# [WHAT IS EXPECTED]
Output every line of the listing as it stands.
===== TASK DATA =====
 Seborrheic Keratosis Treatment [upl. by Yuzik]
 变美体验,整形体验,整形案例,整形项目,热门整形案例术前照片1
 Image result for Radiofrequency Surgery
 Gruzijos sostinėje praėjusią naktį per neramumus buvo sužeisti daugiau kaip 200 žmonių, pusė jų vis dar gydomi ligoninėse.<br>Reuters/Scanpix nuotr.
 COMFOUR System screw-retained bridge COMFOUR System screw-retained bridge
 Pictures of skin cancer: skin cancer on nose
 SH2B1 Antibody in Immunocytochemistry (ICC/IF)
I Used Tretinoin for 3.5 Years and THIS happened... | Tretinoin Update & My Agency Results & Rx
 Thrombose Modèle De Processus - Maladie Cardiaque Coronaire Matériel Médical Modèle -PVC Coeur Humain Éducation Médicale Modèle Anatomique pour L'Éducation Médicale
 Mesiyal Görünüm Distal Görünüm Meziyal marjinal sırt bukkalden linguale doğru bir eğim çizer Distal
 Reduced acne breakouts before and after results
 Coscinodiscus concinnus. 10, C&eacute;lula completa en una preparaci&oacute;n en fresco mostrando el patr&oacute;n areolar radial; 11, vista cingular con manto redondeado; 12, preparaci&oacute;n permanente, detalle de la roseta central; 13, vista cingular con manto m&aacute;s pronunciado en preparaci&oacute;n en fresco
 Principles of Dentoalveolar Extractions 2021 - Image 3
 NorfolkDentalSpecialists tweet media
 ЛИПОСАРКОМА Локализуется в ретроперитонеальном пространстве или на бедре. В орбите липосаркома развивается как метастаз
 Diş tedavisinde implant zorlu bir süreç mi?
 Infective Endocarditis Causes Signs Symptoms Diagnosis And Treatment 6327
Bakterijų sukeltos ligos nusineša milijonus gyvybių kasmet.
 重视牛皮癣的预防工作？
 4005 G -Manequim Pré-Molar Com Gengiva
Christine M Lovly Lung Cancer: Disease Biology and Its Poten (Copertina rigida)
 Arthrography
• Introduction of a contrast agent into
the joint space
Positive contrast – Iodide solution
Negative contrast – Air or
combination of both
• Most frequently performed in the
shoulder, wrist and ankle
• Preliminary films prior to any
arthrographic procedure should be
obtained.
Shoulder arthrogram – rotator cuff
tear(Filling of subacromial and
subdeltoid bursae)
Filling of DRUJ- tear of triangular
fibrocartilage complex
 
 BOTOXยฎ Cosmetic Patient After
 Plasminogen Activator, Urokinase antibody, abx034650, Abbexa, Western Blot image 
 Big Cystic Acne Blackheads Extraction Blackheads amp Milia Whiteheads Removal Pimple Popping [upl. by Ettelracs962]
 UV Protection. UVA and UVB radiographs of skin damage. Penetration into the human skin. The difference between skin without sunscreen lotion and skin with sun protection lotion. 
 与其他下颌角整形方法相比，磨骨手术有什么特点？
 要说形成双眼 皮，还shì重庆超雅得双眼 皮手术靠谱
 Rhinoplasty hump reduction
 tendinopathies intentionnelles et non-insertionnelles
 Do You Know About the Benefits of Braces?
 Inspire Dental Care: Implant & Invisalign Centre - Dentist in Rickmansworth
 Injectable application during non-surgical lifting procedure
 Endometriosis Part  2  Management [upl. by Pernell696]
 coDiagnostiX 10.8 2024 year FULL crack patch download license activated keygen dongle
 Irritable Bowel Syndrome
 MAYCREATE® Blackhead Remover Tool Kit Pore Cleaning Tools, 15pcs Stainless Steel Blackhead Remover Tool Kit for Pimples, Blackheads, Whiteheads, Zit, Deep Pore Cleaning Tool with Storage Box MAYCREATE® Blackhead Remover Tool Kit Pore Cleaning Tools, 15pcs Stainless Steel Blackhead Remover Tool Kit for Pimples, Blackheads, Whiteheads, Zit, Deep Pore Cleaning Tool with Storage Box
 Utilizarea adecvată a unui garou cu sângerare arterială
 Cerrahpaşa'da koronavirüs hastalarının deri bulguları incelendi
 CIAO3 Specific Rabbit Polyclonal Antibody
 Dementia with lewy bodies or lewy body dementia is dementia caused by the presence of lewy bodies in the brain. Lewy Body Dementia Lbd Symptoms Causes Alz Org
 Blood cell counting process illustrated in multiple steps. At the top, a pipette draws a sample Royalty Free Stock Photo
=====
# [OUTPUT FOR THIS TASK]
 Seborrheic Keratosis Treatment [upl. by Yuzik]
 变美体验,整形体验,整形案例,整形项目,热门整形案例术前照片1
 Image result for Radiofrequency Surgery
 Gruzijos sostinėje praėjusią naktį per neramumus buvo sužeisti daugiau kaip 200 žmonių, pusė jų vis dar gydomi ligoninėse.<br>Reuters/Scanpix nuotr.
 COMFOUR System screw-retained bridge COMFOUR System screw-retained bridge
 Pictures of skin cancer: skin cancer on nose
 SH2B1 Antibody in Immunocytochemistry (ICC/IF)
I Used Tretinoin for 3.5 Years and THIS happened... | Tretinoin Update & My Agency Results & Rx
 Thrombose Modèle De Processus - Maladie Cardiaque Coronaire Matériel Médical Modèle -PVC Coeur Humain Éducation Médicale Modèle Anatomique pour L'Éducation Médicale
 Mesiyal Görünüm Distal Görünüm Meziyal marjinal sırt bukkalden linguale doğru bir eğim çizer Distal
 Reduced acne breakouts before and after results
 Coscinodiscus concinnus. 10, C&eacute;lula completa en una preparaci&oacute;n en fresco mostrando el patr&oacute;n areolar radial; 11, vista cingular con manto redondeado; 12, preparaci&oacute;n permanente, detalle de la roseta central; 13, vista cingular con manto m&aacute;s pronunciado en preparaci&oacute;n en fresco
 Principles of Dentoalveolar Extractions 2021 - Image 3
 NorfolkDentalSpecialists tweet media
 ЛИПОСАРКОМА Локализуется в ретроперитонеальном пространстве или на бедре. В орбите липосаркома развивается как метастаз
 Diş tedavisinde implant zorlu bir süreç mi?
 Infective Endocarditis Causes Signs Symptoms Diagnosis And Treatment 6327
Bakterijų sukeltos ligos nusineša milijonus gyvybių kasmet.
 重视牛皮癣的预防工作？
 4005 G -Manequim Pré-Molar Com Gengiva
Christine M Lovly Lung Cancer: Disease Biology and Its Poten (Copertina rigida)
 Arthrography
• Introduction of a contrast agent into
the joint space
Positive contrast – Iodide solution
Negative contrast – Air or
combination of both
• Most frequently performed in the
shoulder, wrist and ankle
• Preliminary films prior to any
arthrographic procedure should be
obtained.
Shoulder arthrogram – rotator cuff
tear(Filling of subacromial and
subdeltoid bursae)
Filling of DRUJ- tear of triangular
fibrocartilage complex
 
 BOTOXยฎ Cosmetic Patient After
 Plasminogen Activator, Urokinase antibody, abx034650, Abbexa, Western Blot image 
 Big Cystic Acne Blackheads Extraction Blackheads amp Milia Whiteheads Removal Pimple Popping [upl. by Ettelracs962]
 UV Protection. UVA and UVB radiographs of skin damage. Penetration into the human skin. The difference between skin without sunscreen lotion and skin with sun protection lotion. 
 与其他下颌角整形方法相比，磨骨手术有什么特点？
 要说形成双眼 皮，还shì重庆超雅得双眼 皮手术靠谱
 Rhinoplasty hump reduction
 tendinopathies intentionnelles et non-insertionnelles
 Do You Know About the Benefits of Braces?
 Inspire Dental Care: Implant & Invisalign Centre - Dentist in Rickmansworth
 Injectable application during non-surgical lifting procedure
 Endometriosis Part  2  Management [upl. by Pernell696]
 coDiagnostiX 10.8 2024 year FULL crack patch download license activated keygen dongle
 Irritable Bowel Syndrome
 MAYCREATE® Blackhead Remover Tool Kit Pore Cleaning Tools, 15pcs Stainless Steel Blackhead Remover Tool Kit for Pimples, Blackheads, Whiteheads, Zit, Deep Pore Cleaning Tool with Storage Box MAYCREATE® Blackhead Remover Tool Kit Pore Cleaning Tools, 15pcs Stainless Steel Blackhead Remover Tool Kit for Pimples, Blackheads, Whiteheads, Zit, Deep Pore Cleaning Tool with Storage Box
 Utilizarea adecvată a unui garou cu sângerare arterială
 Cerrahpaşa'da koronavirüs hastalarının deri bulguları incelendi
 CIAO3 Specific Rabbit Polyclonal Antibody
 Dementia with lewy bodies or lewy body dementia is dementia caused by the presence of lewy bodies in the brain. Lewy Body Dementia Lbd Symptoms Causes Alz Org
 Blood cell counting process illustrated in multiple steps. At the top, a pipette draws a sample Royalty Free Stock Photo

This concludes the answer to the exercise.